* **Work to be completed**: Directions for the data below: repeat exactly the lines from the one with "Космонавты сняли землю" through the one with "Photo #2: 2610986 Listing", both included, and omit all pictures.
(Data provided Opens)
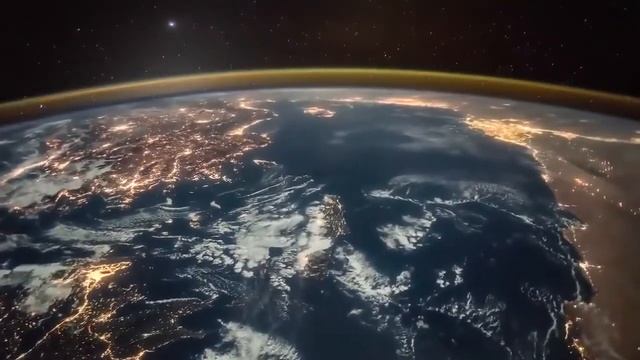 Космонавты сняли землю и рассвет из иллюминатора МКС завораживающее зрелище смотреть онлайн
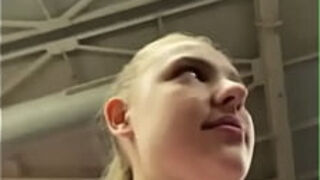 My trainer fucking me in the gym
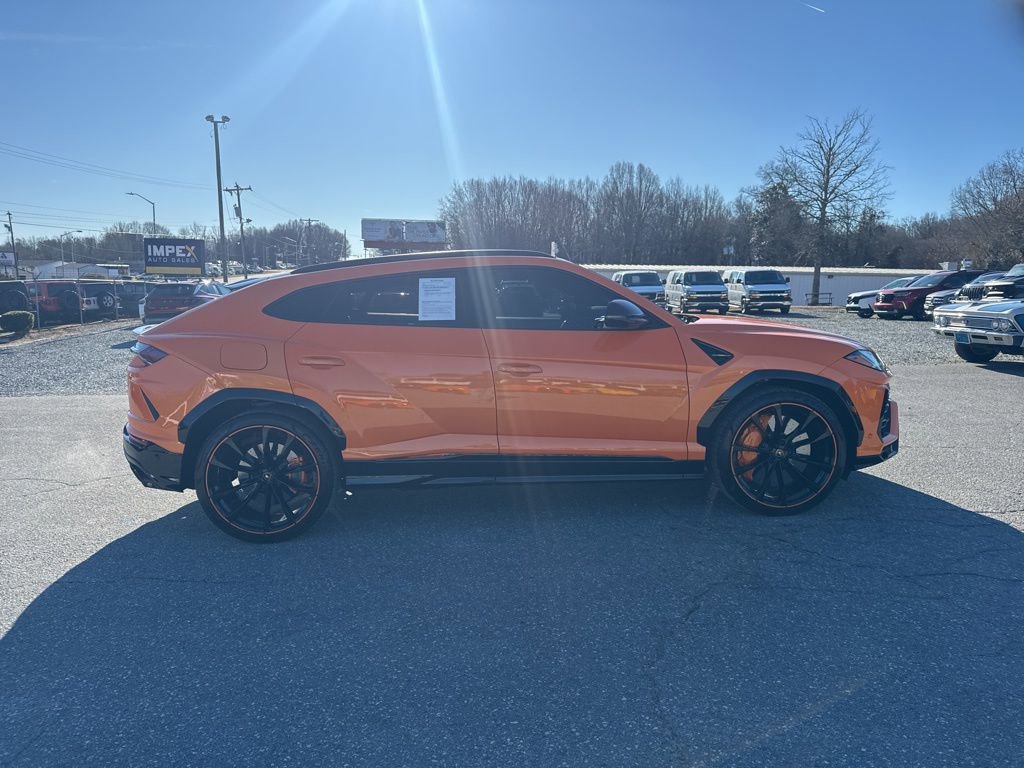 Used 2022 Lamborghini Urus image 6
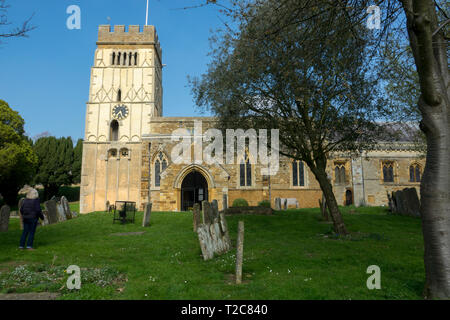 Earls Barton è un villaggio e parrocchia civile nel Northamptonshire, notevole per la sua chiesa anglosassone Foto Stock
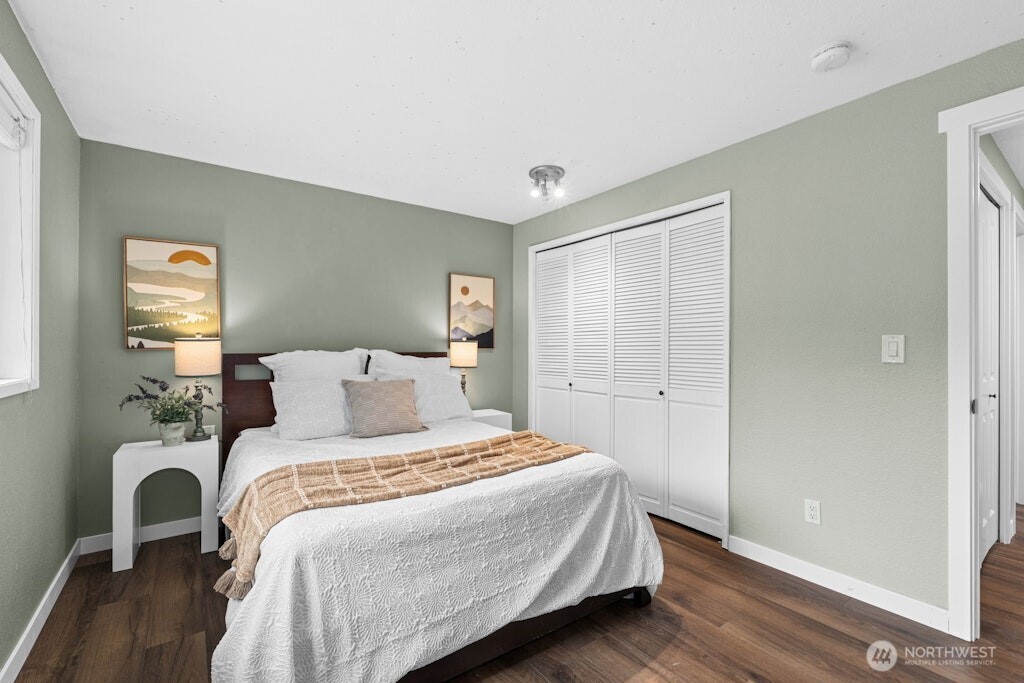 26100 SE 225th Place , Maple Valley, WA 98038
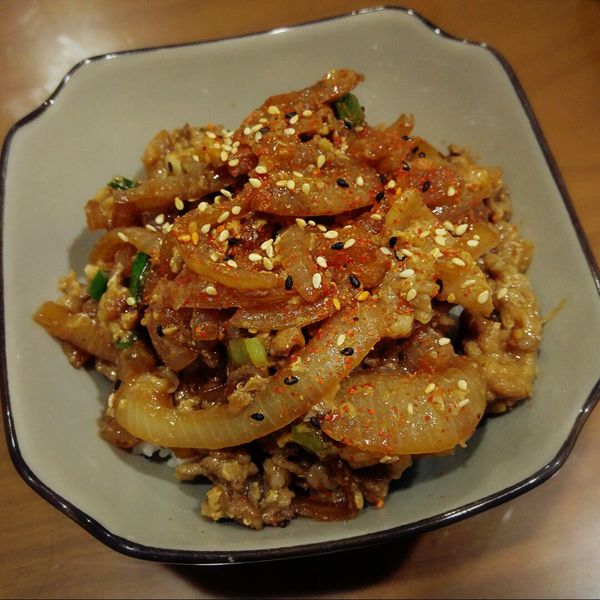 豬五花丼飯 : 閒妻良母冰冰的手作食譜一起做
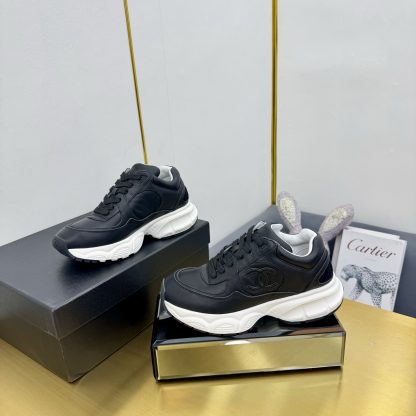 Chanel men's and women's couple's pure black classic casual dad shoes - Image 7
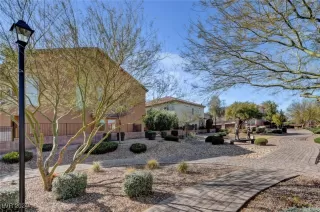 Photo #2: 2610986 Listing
(Data provided Closes)
(Data provided Opens)
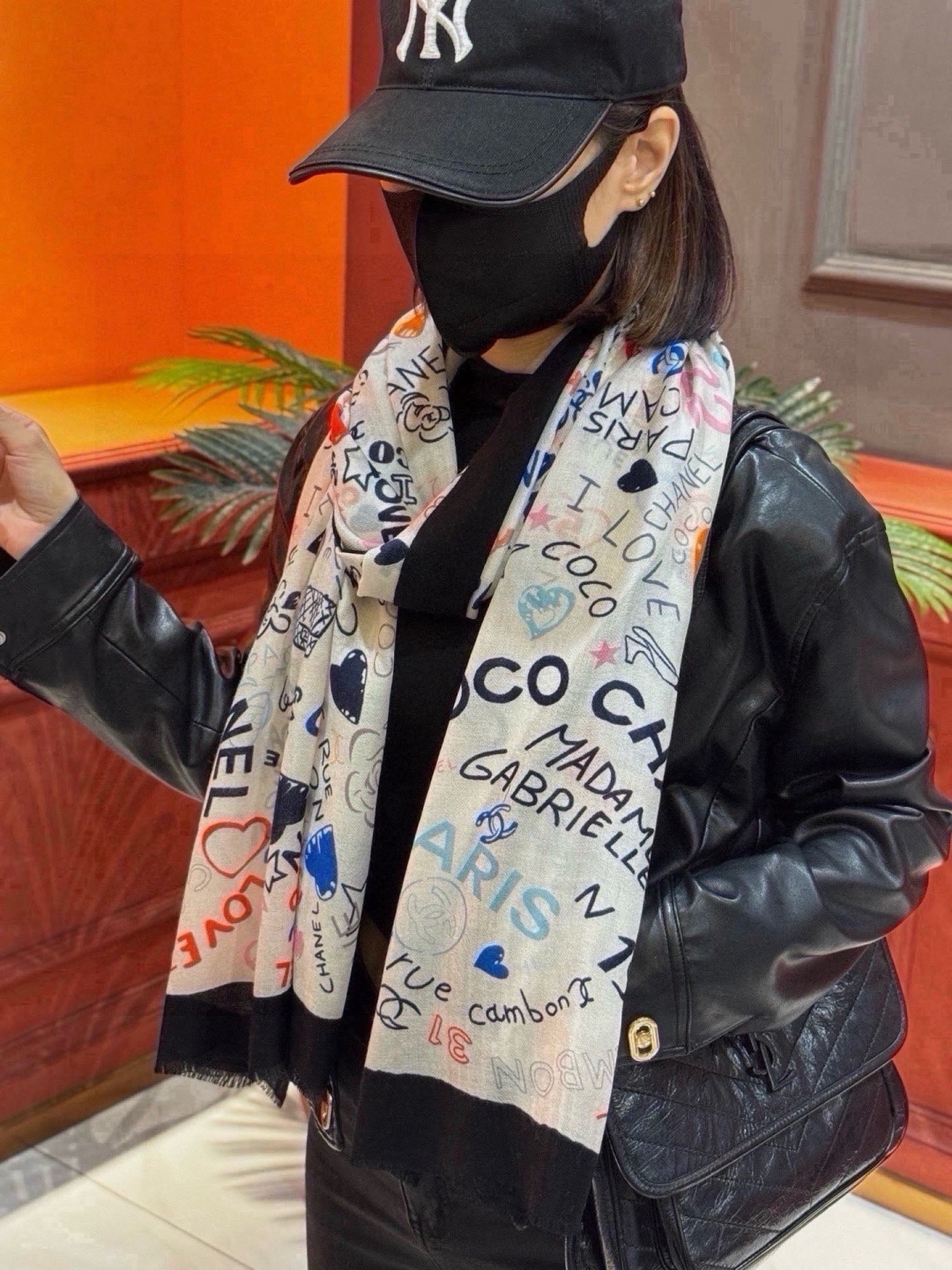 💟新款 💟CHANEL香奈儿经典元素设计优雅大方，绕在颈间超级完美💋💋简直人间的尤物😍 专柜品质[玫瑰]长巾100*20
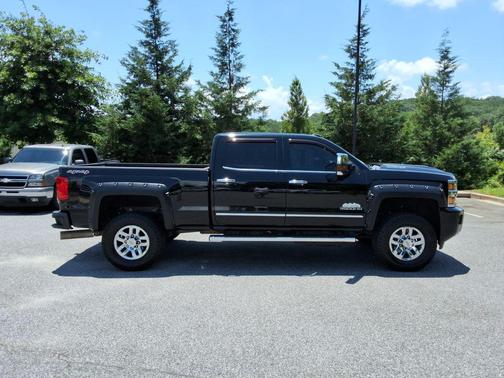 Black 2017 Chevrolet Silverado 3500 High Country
(Data provided Closes)
* **Written response**:
 Космонавты сняли землю и рассвет из иллюминатора МКС завораживающее зрелище смотреть онлайн
 My trainer fucking me in the gym
 Used 2022 Lamborghini Urus image 6
 Earls Barton è un villaggio e parrocchia civile nel Northamptonshire, notevole per la sua chiesa anglosassone Foto Stock
 26100 SE 225th Place , Maple Valley, WA 98038
 豬五花丼飯 : 閒妻良母冰冰的手作食譜一起做
 Chanel men's and women's couple's pure black classic casual dad shoes - Image 7
 Photo #2: 2610986 Listing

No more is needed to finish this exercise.